● **Exercise details**
When you copy the data, keep every word exactly as it is and leave the pictures out.

● **Dataset section**
[Start of Attachment]
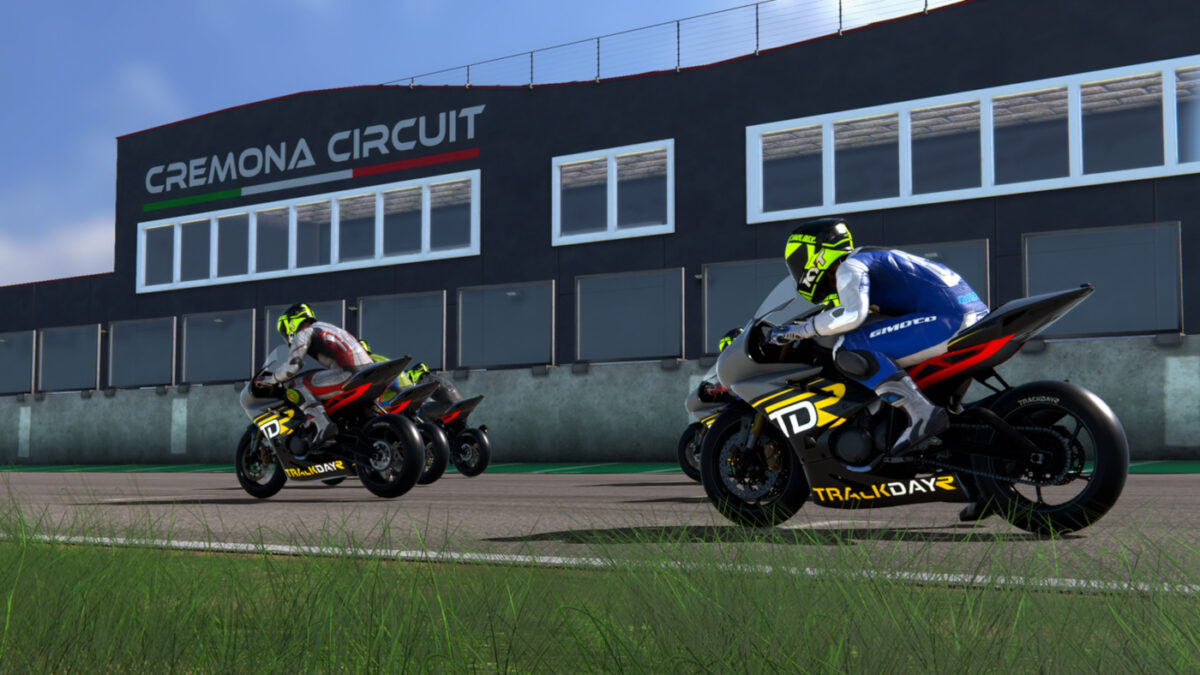 The new TrackDayR Build 1.0.84.45 adds AI opponents to the motorcycle sim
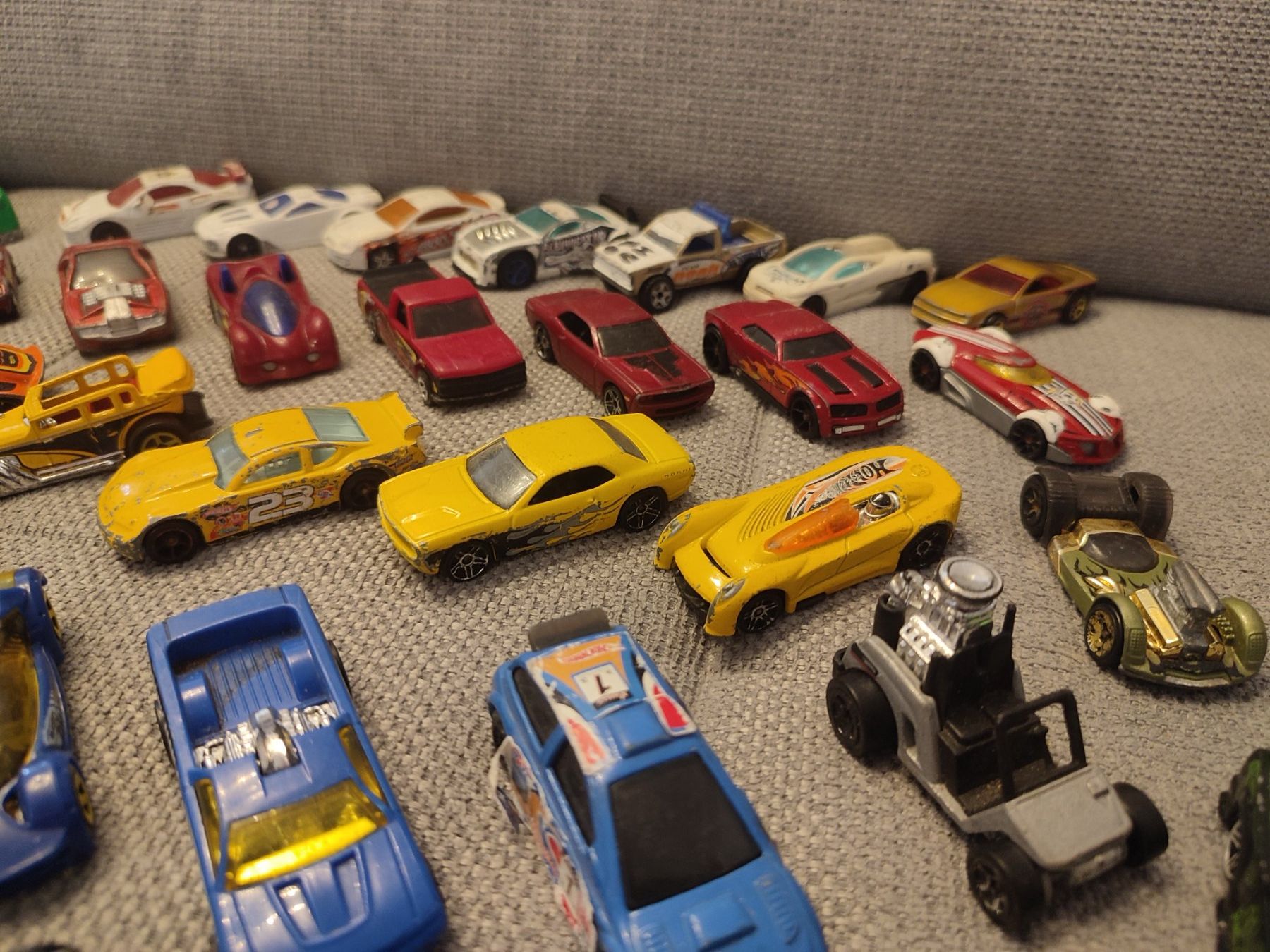 Hot Wheels Modellini d'auto: Lot petites voitures Hot wheels – Usato da Bougy-Villars venduto da Vogue 3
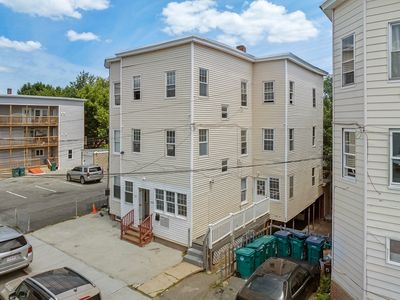 131 Clarendon St, Fitchburg, MA, 01420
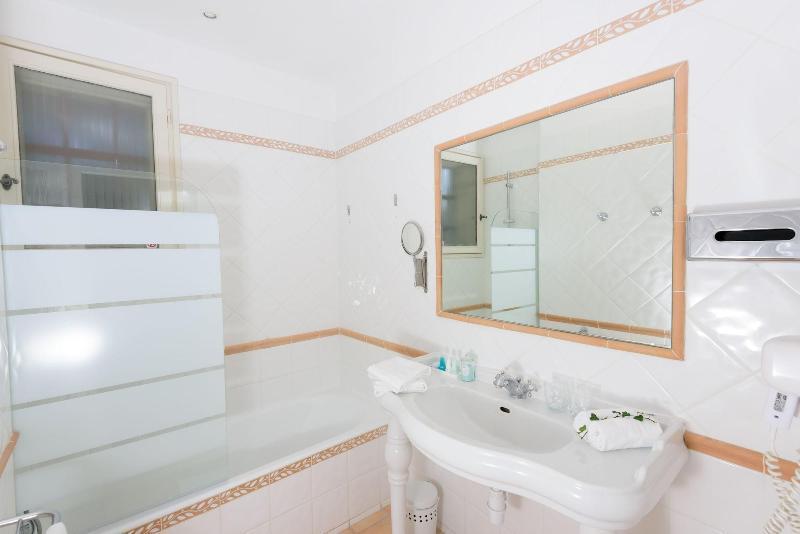 Hotel Belesso Fontvieille Esterno foto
[End of Attachment]
● **Answer to the problem**
 The new TrackDayR Build 1.0.84.45 adds AI opponents to the motorcycle sim
 Hot Wheels Modellini d'auto: Lot petites voitures Hot wheels – Usato da Bougy-Villars venduto da Vogue 3
 131 Clarendon St, Fitchburg, MA, 01420
 Hotel Belesso Fontvieille Esterno foto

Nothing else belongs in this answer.